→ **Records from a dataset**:
* * *

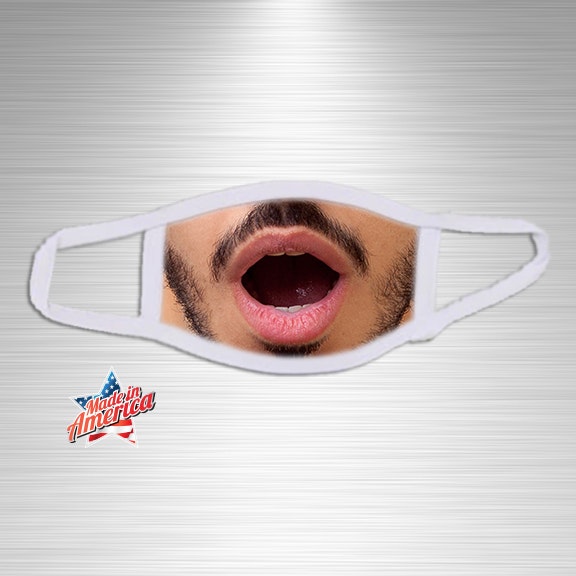 Fun and Fashionable Facial Covers gallery image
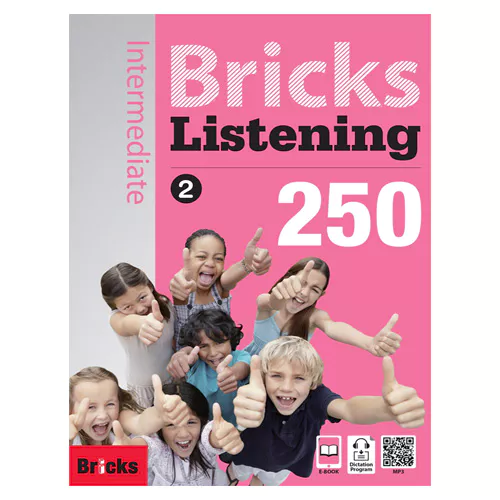 Bricks Listening 250 2 Intermediate Student&#039;s Book with Workbook + QR code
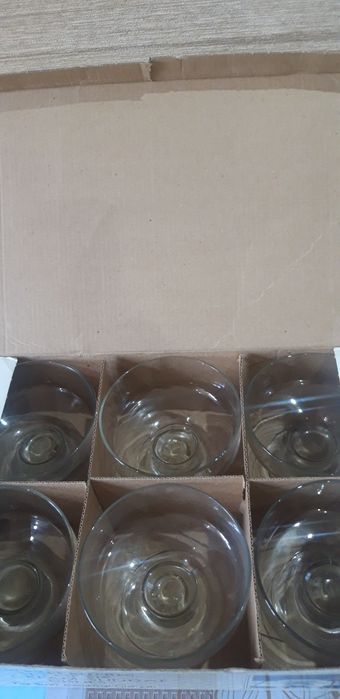 Продам креманки для мороженого 6 шт.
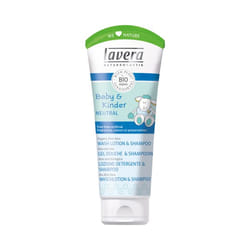 Lavera Baby & Kinder Wash Lotion & Shampoo 200 ml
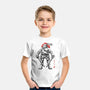 Ninja Leonardo Sumi-E-Youth-Basic-Tee-Astrobot Invention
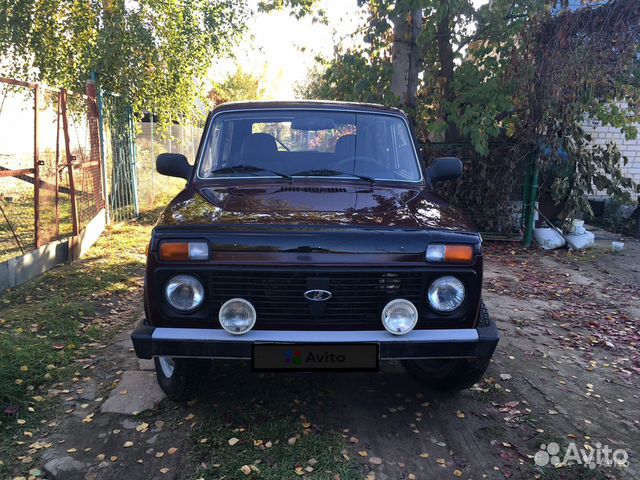 LADA 4x4 (Нива) 1.7 МТ, 2012, 52 000 км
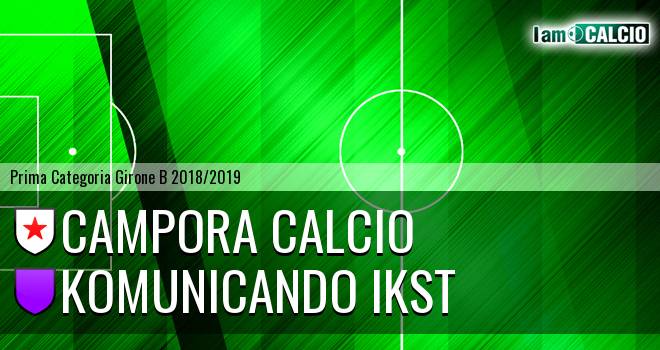 Campora Calcio - Komunicando Ikst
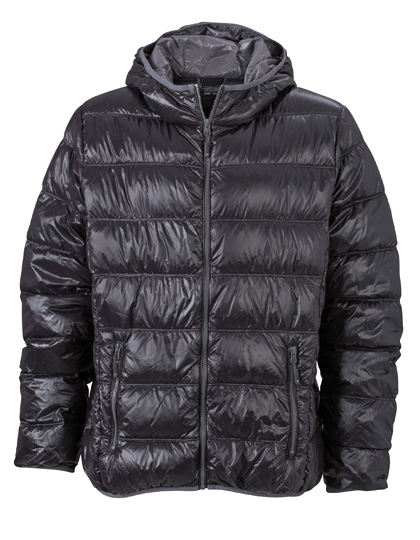 JN1060 James+Nicholson Herren Daunenjacke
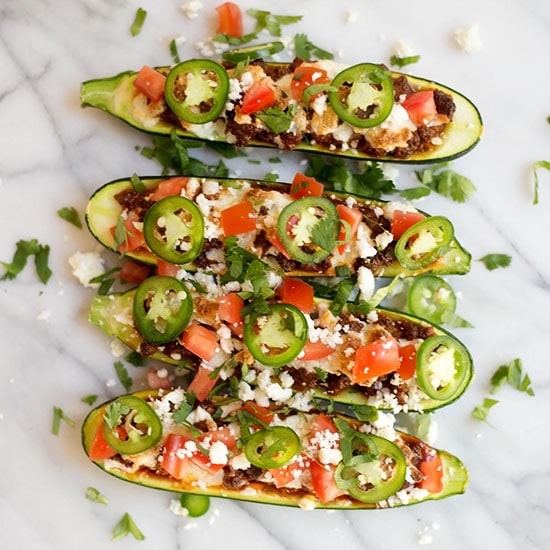 Mexican Zucchini Boats - Artzy Foodie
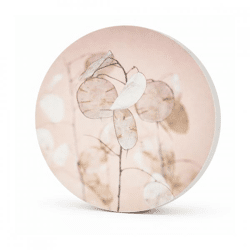 Wanddecoratie Judaspenning hout 38 cm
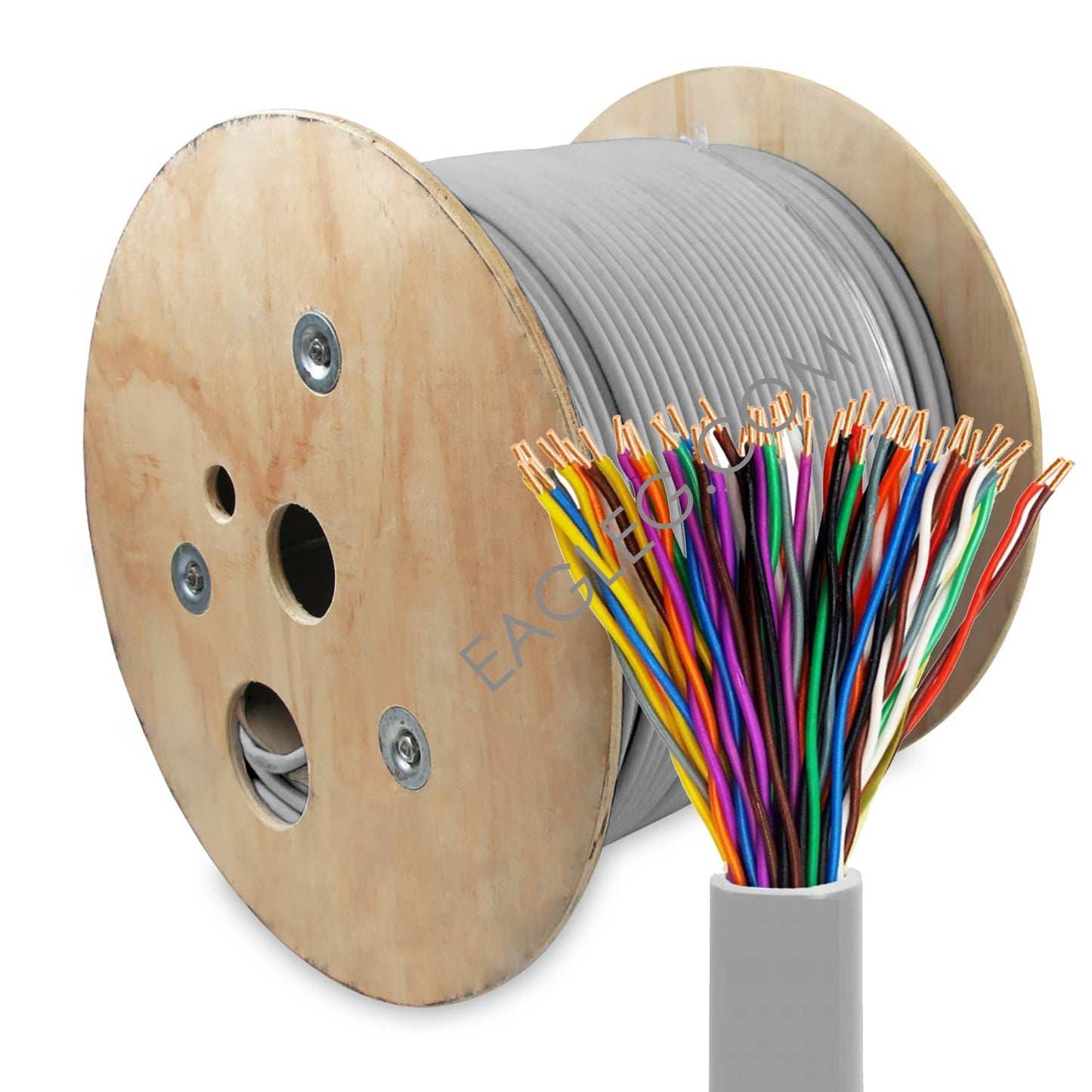 1000Ft CAT3 25Pair Riser (CMR) 24AWG Communications Cable Gray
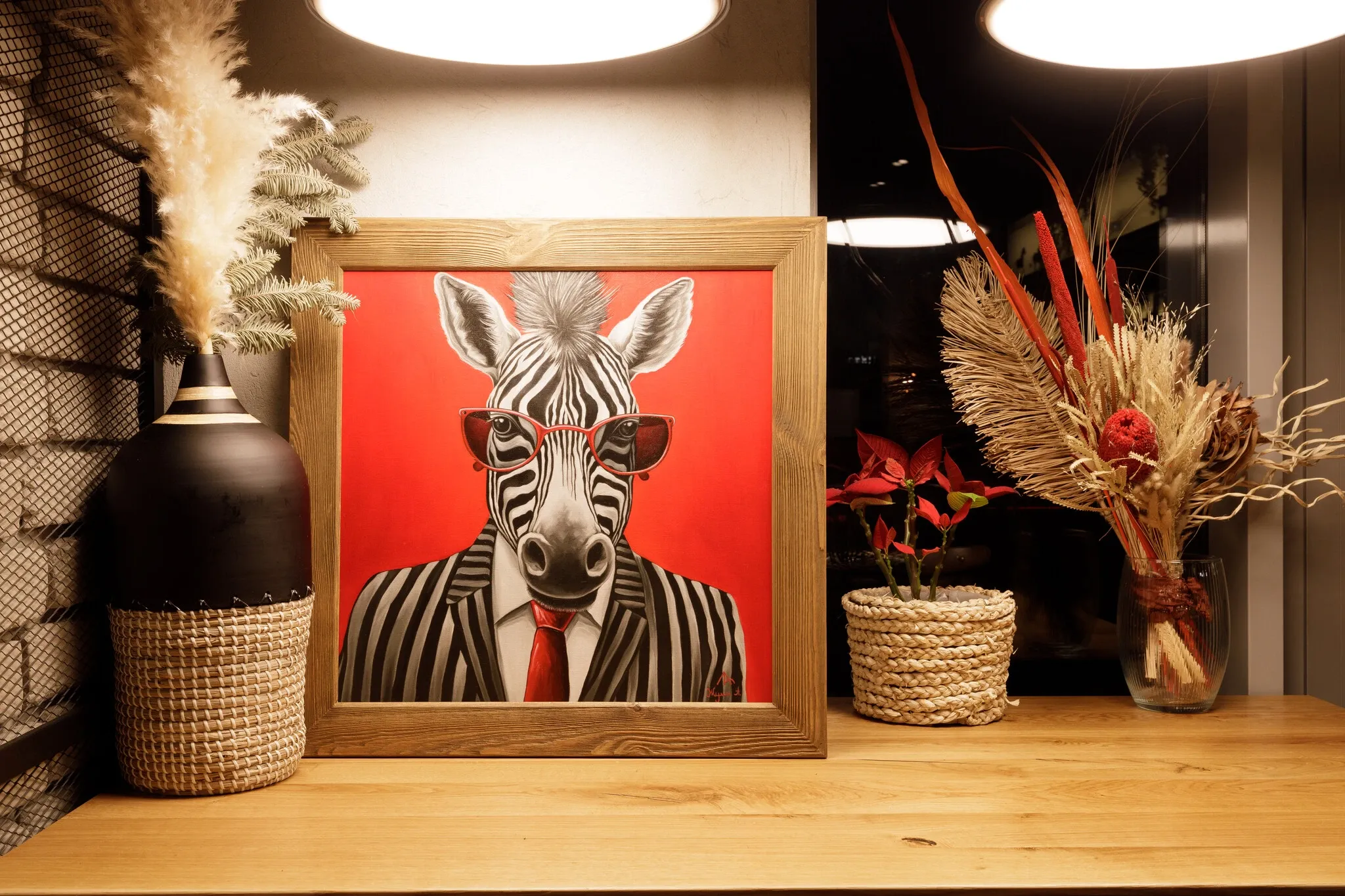 New York Street Pizza Zebra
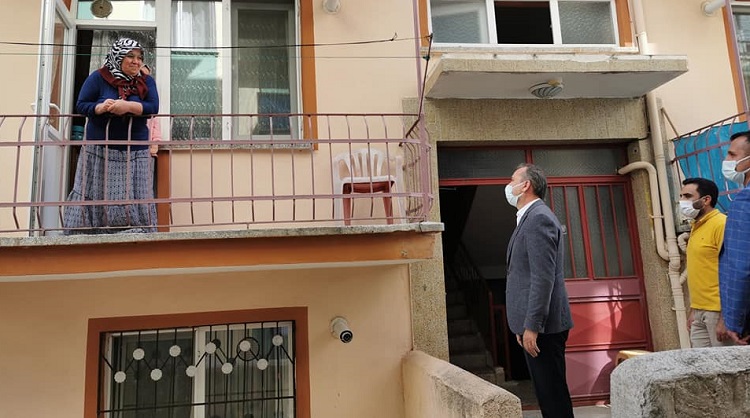 MİMARSİNAN’DA VATANDAŞI DİNLEDİ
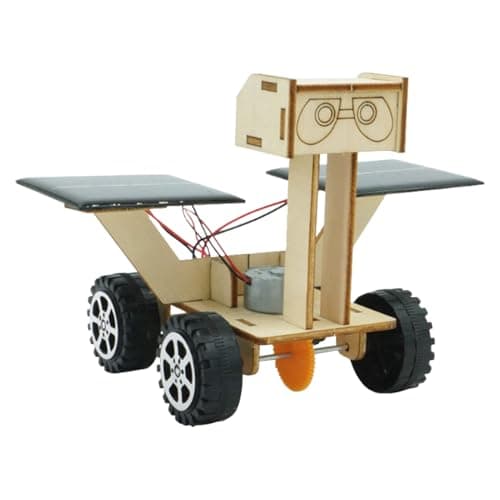 STEM Building Kits Solar Powered Educational Car Building Toys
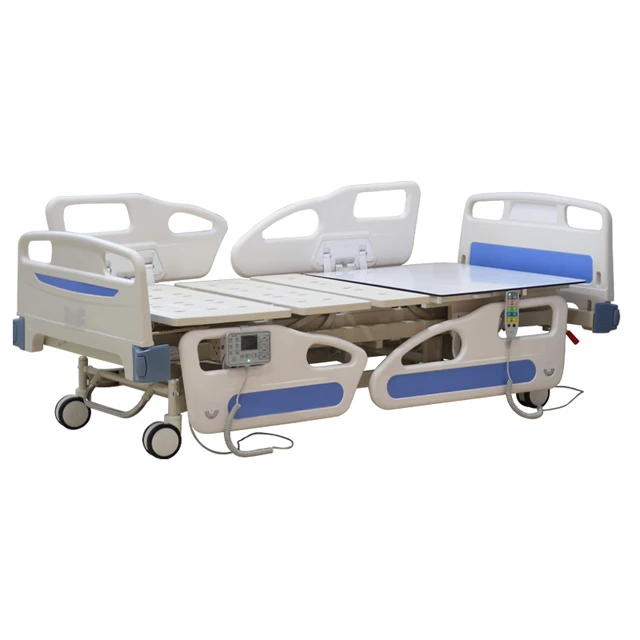 High quality medical equipments automatic full electric ICU hospital bed multi-function medical bed with X-ray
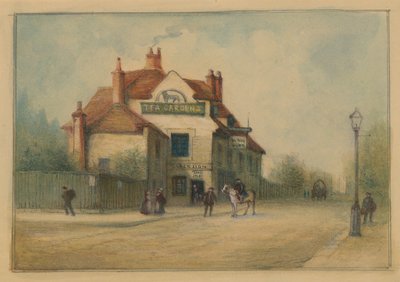 Das Black Lion Gasthaus in Chelsea von English School
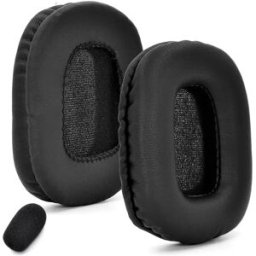 INF 2 Coussinets d'oreille en cuir protéiné + Couvre-micro Compatible avec le casque BlueParrott B550-XT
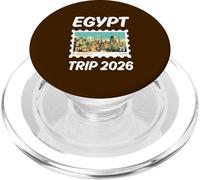 Matching Egypt Trip 2026 And Egyptian Vacation PopSockets PopGrip for MagSafe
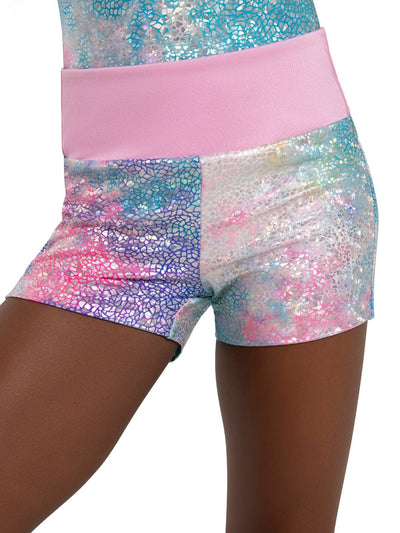 Capezio  Shimmer Shorts 12306C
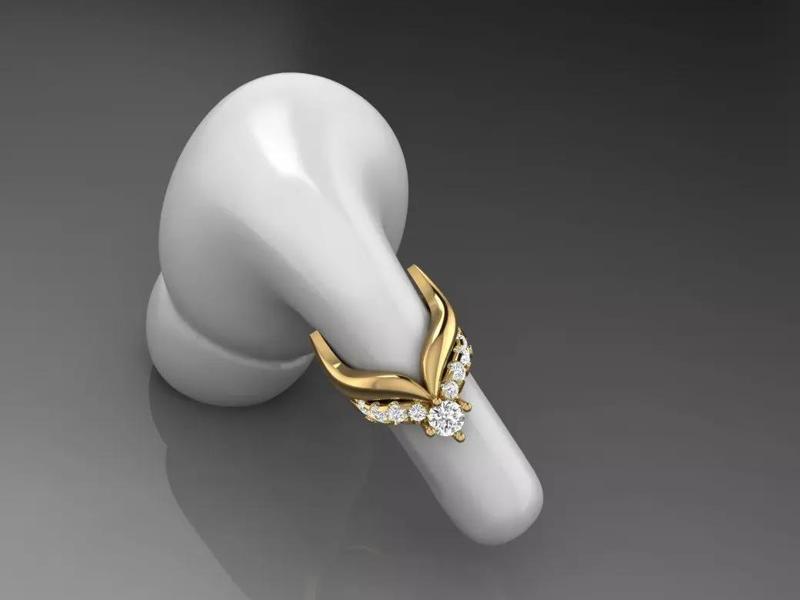 jewelry wings airpod pro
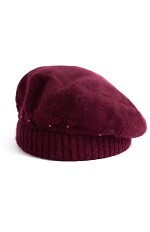 Beret Art Of Polo 23400 Delas damski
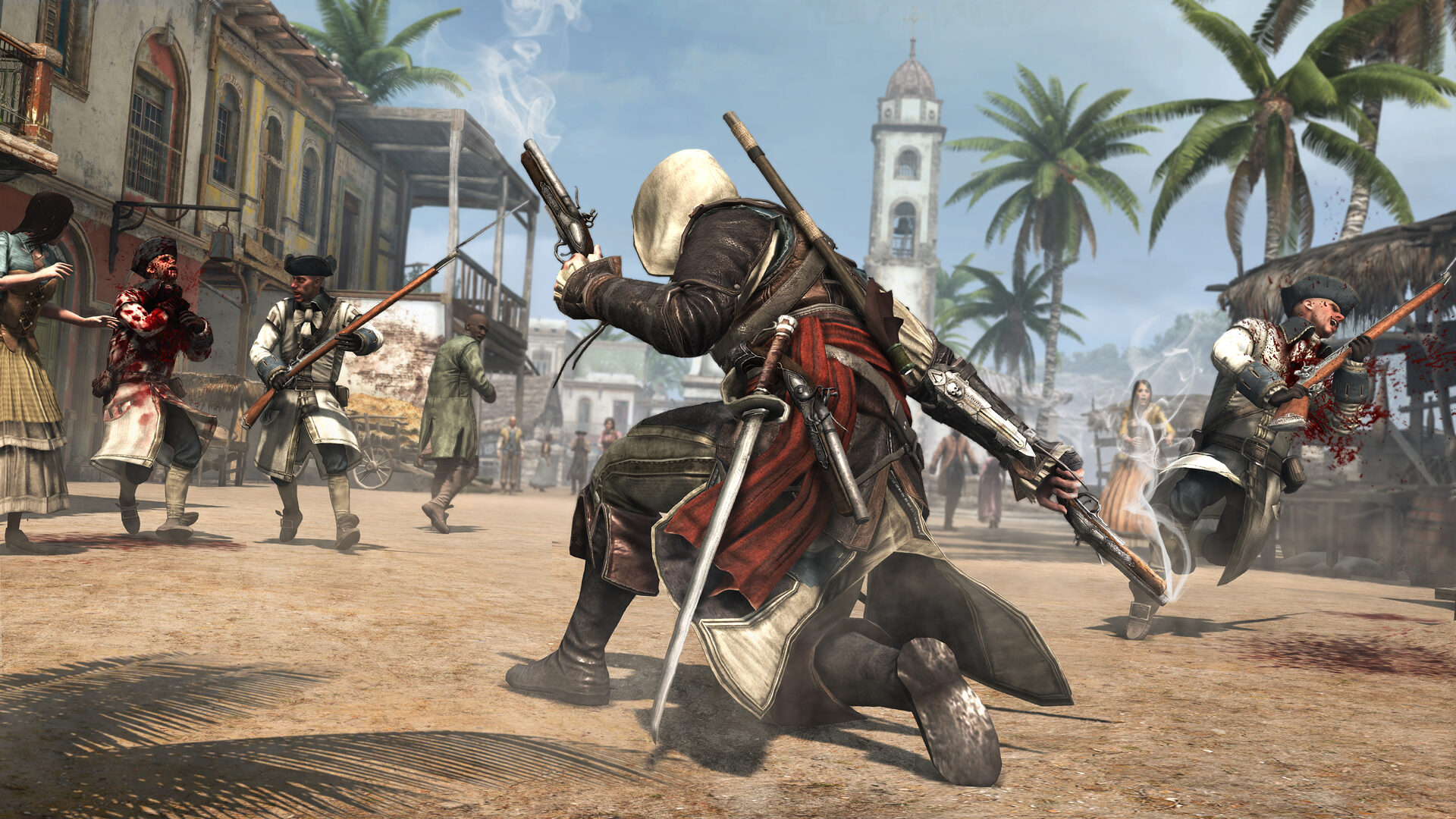 "I Say Nothing," Assassin's Creed Black Flag Actor Claims Legal Action Was Threatened For Remake Remarks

* * *

→ **EXERCISE DETAILS**: With the pictures removed, please retype each record exactly.

→ **SOLUTION**:
 Fun and Fashionable Facial Covers gallery image
 Bricks Listening 250 2 Intermediate Student&#039;s Book with Workbook + QR code
 Продам креманки для мороженого 6 шт.
 Lavera Baby & Kinder Wash Lotion & Shampoo 200 ml
 Ninja Leonardo Sumi-E-Youth-Basic-Tee-Astrobot Invention
 LADA 4x4 (Нива) 1.7 МТ, 2012, 52 000 км
 Campora Calcio - Komunicando Ikst
 JN1060 James+Nicholson Herren Daunenjacke
 Mexican Zucchini Boats - Artzy Foodie
 Wanddecoratie Judaspenning hout 38 cm
 1000Ft CAT3 25Pair Riser (CMR) 24AWG Communications Cable Gray
 New York Street Pizza Zebra
 MİMARSİNAN’DA VATANDAŞI DİNLEDİ
 STEM Building Kits Solar Powered Educational Car Building Toys
 High quality medical equipments automatic full electric ICU hospital bed multi-function medical bed with X-ray
 Das Black Lion Gasthaus in Chelsea von English School
 INF 2 Coussinets d'oreille en cuir protéiné + Couvre-micro Compatible avec le casque BlueParrott B550-XT
 Matching Egypt Trip 2026 And Egyptian Vacation PopSockets PopGrip for MagSafe
 Capezio  Shimmer Shorts 12306C
 jewelry wings airpod pro
 Beret Art Of Polo 23400 Delas damski
 "I Say Nothing," Assassin's Creed Black Flag Actor Claims Legal Action Was Threatened For Remake Remarks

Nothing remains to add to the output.